Beiträge von Froeschle

    Hallo Schweinchenfan,


    nochmals vielen Dank für deine hilfreichen Informationen.

    Damit habe ich eine gute weiterführende Literatur, mich weiter mit dem Thema zu beschäftigen und meine grundlegenden Fragen hast du allesamt beantworten können.


    Ich freue mich sehr darüber, dass du dir die Zeit genommen hast, mir weiter zu helfen, lieben Dank dafür!


    Alles Gute und viele Grüße,

    Froeschle

    Hallo Schweinchenfan,


    danke für deine Anmerkung bzw. Gegenfrage, die hat bei mir einen Groschen zum Fallen gebracht.

    Über den Allgemeinstrom-Zähler wird neben Licht, Klingel, Rasenmäher in der Tat auch die Heizung bzw. deren Pumpen gespeist.

    Es sind also wärmeerzeugende und nicht-wärmeerzeugende Anteile im Allgemeinstrom.

    Der bisherige Vermieter hat den gesamten Stromrechnungsbetrag in die Heizkostenabrechnung zum Abrechnungsdienstleister mitgegeben, der Licht/Klingel/Rasenmäheranteil wurde demnach auch im Verhältnis der verbrauchten Heizkosten verteilt.


    Ich glaube jetzt verstanden zu haben, den Licht/Klingel/Rasenmäher-Teil separat in der NK-Abrechnung aufführen (Schlüssel sind Personen in der Wohnungen?).

    Den Teil, der zur Wärmeerzeugung gehört, müsste ich verbrauchsgerecht abrechnen, also weiterhin in die Heizkostenabrechnung vom Abrechnungsdienstleister einfließen lassen.

    Die Frage ist nur, wie kann ich diese Anteile ermitteln, ohne weitere, geeichte Stromzähler zu verbauen...


    Eine Weile googlen hat zu Tage gebracht, dass einige Gerichte 3% - 5% der Brennstoffkosten als Stromwert zum Betreiben einer Heizung gelten lassen.

    Diesen Betrag könne man dann in der Heizkostenrechnung mit angeben.

    Die verbleibende Differenz zur Stromrechnung dann in die "kalte" Nebenkostenabrechnung.


    Beides nach "Abflussprinzip", weil es mit der Stromrechnung nunmal nicht anders geht.


    Hab ich das richtig verstanden und ist das gängige Praxis?

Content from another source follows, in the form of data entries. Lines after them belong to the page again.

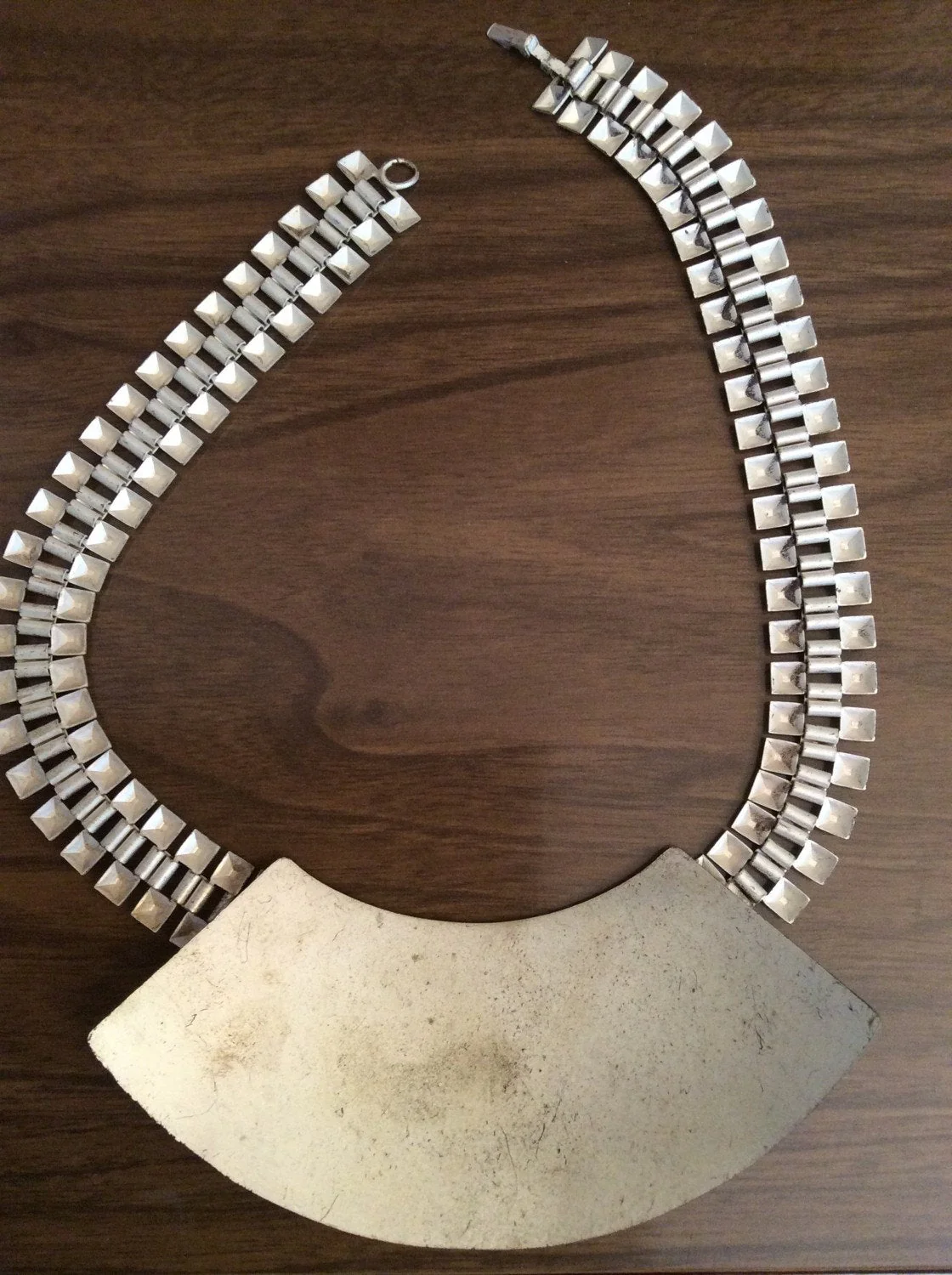 80's Silver Spike Studded Necklace with Jewel - Image 3
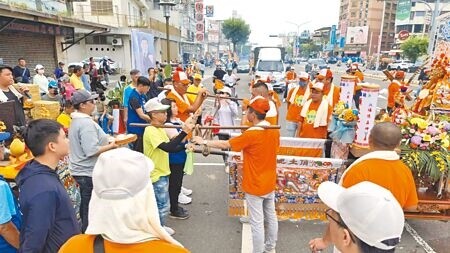 
祀典大天后宮29日「府城迎媽祖」遶境第2天，首站為立委謝龍介服務處，由團隊成員代表接待。（程炳璋攝）
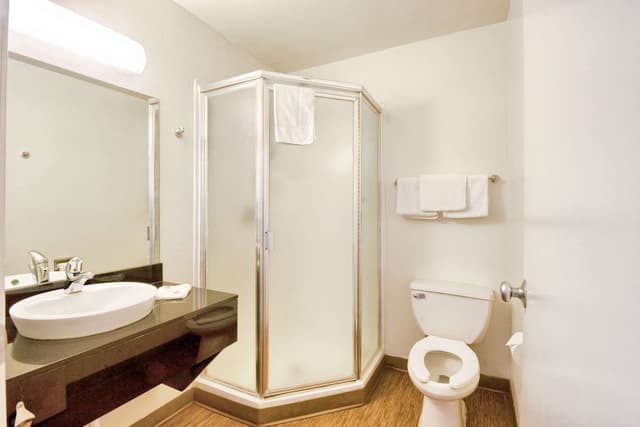 Deluxe Room, 1 Queen Bed, Non Smoking, Refrigerator & Microwave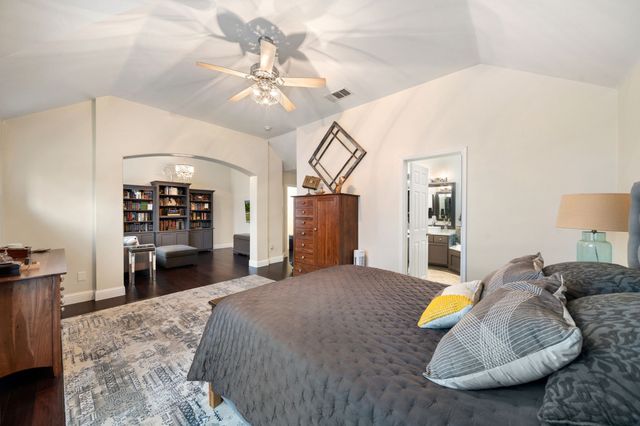 9420 Stonewood Drive, Mckinney, TX 75072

    Herzlichen Dank nochmal für euren Input,


    Fröschle

    Hallo zusammen,


    wir vermieten seit kurzem in unserem Haus. Bei der bald wieder fälligen NK-Abrechnung habe ich nun eine Frage zur Umlage des Allgemeinstroms wie Treppenausbeleuchtung.

    Die aktuelle Stromrechnung der Stadtwerke deckt den Verbrauchszeitraum 12.11.2020 - 31.10.2021 ab.

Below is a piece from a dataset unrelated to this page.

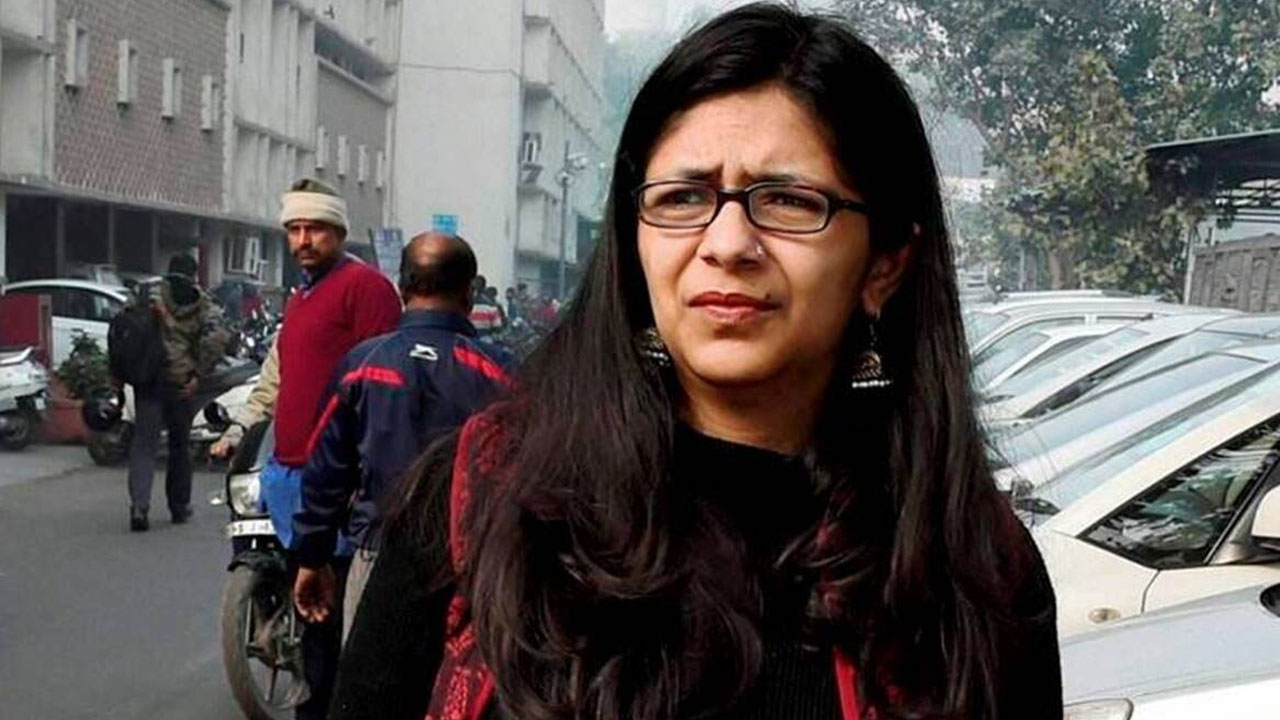 DCW Chief: మహిళలవైపో రేపిస్టులవైపో చెప్పండి.. హర్యానా సీఎంపై ఢిల్లీ మహిళా చీఫ్ సంచలన వ్యాఖ్యలు DCW Chief: మహిళలవైపో రేపిస్టులవైపో చెప్పండి.. హర్యానా సీఎంపై ఢిల్లీ మహిళా చీఫ్ సంచలన వ్యాఖ్యలు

    Ca. 1,5 Monate dieses Zeitraums sind also quasi verstrichen (da im Kalenderjahr 2020) und sollten idealerweise nicht auf die NK-Abrechnung 2021.

    Außerdem fehlen bei der aktuellen Stromrechnung 2 Monate für das Jahr 2021.


    Diese nicht auf den Jahreswechsel ausgelegte Stromrechnung lässt mich jetzt zu der Frage kommen, wie man das bei der NK-Abrechnung umlegt.

    Zwar könnte ich bei der aktuellen Rechnung den mittleren Stromverbrauch pro Tag bestimmen und nur die in der Stromrechnung aufgeführten Tage von 2021 berechnen, dann fehlen aber immernoch die Monate November und Dezember... und ich kann (und will!) ja nicht warten, bis Ende Novebmer 2022 die nächste Rechnung kommt, damit ich die NK-Abrechnung für 2021 machen kann...


    Auch bei einem Mieterwechsel wird das nochmal spannend. Die anderen Rechnungen (Schornsteinfeger, Versicherungen etc.) kann ich über die Monate anteilig umlegen, aber der Stromverbrauch ist ja eben ein auch von der Jahreszeit abhängiger Verbrauch, den die Mieter durch ihr Verhalten mitbeeinflussen können. Der ist nicht homogen über das Jahr.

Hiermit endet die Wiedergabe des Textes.